While at a summer barbecue with her brother and his friends, Joyce Kim checked her e-mail and saw an unfamiliar name.

While at a summer barbecue with her brother and his friends, Joyce Kim checked her e-mail and saw an unfamiliar name.

The e-mail was from a guy she had supposedly met at a party who now wanted to take her out on a date. The only problem was, she did not remember ever meeting him.

She read the e-mail aloud to her brother Jared and his entourage - all "tech geeks" who had toted their laptops to the barbecue. The group immediately turned to their keyboards to do a little cyber stalking. Within a few days, Jared Kim was running a company designed to do just that.

His experience is both an example and a cautionary tale for a new generation of code writers, programmers and Web developers who are increasingly using social-networking sites as platforms to launch their own businesses.

This new cottage industry has become so prominent that even Facebook Inc. - a popular college social-networking site - agreed in May to partner with some of these "third-party" businesses. The deal will allow select companies to run their programs off Facebook's platform and generate ad revenue.

But when Kim first had the idea to create his company at that barbecue in May 2006, it was more of a fun summer project than a moneymaking venture.

Working with his friends to Google, check Friendster Inc. and search MySpace for any information they could find on the prospective date, Kim had a thought: Why not write a program that searches all the social-networking sites at once and creates a profile of the person being searched for?

In one day, Kim, 19, who attends the University of California, Berkeley, had built a program he called "a little hack I put together" and named it Stalkerati.

In three weeks, Stalkerati was featured in a blog. In another week, 10,000 users were on its site per day.

All the traffic soon got the attention of MySpace, the social-networking company owned by News Corp.'s Fox Interactive Media Inc. MySpace considered Stalkerati a security risk because it required users to give their MySpace password and user name. It blocked Stalkerati, and other social-networking sites followed.

MySpace is still, in many ways, where it's at in the third-party world. It allows users to type Web code directly into profiles. That allows them to change the look of their actual profile page or create programs that work off the MySpace site to provide services it does not offer.

"Anything you can do on the Web is at least possible on MySpace," said Matt Brown, a 25-year-old MySpace user and co-owner of an interactive marketing agency in Denver.

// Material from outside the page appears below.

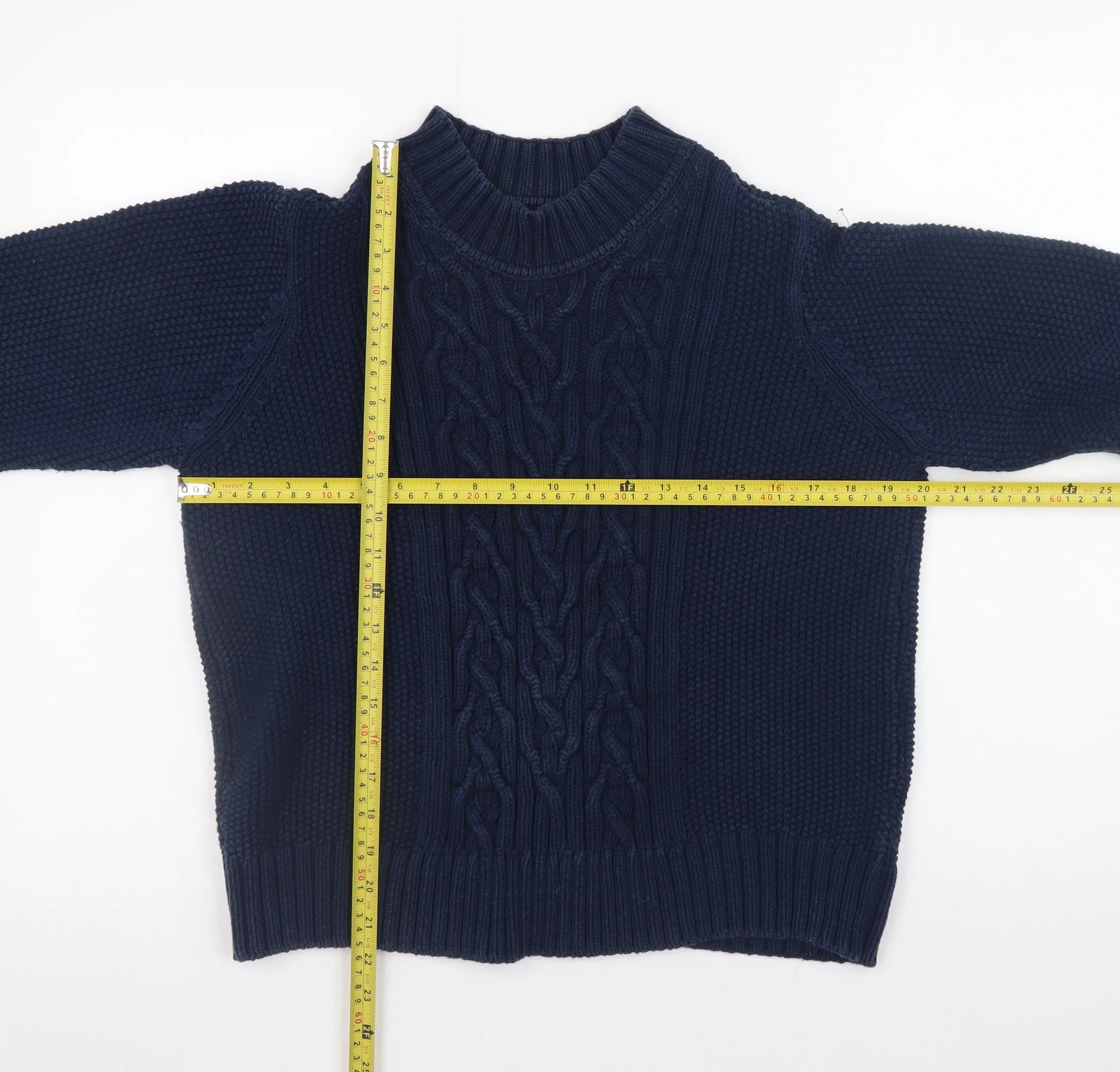 Marks and Spencer Women's Blue Cotton Cable-Knit Jumper Size 12 - Image 2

Do a Web search for MySpace and you will find a wide variety of third-party companies, including sites that offer codes that can add colors or background pictures to your profile page. Other companies offer additional tools for inputting pictures or sending instant messages to MySpace friends.

Many of these sites are funded with click-through ads that can make the owner anywhere from $1 to $10 for every 1,000 page views. Since many of these sites get thousands - or even hundreds of thousands - of page views, the money can add up.

Although no one keeps track of the number of third-party sites and companies, Pete Cashmore, who runs the social-networking blog "Mashable," said the number was in the thousands and growing.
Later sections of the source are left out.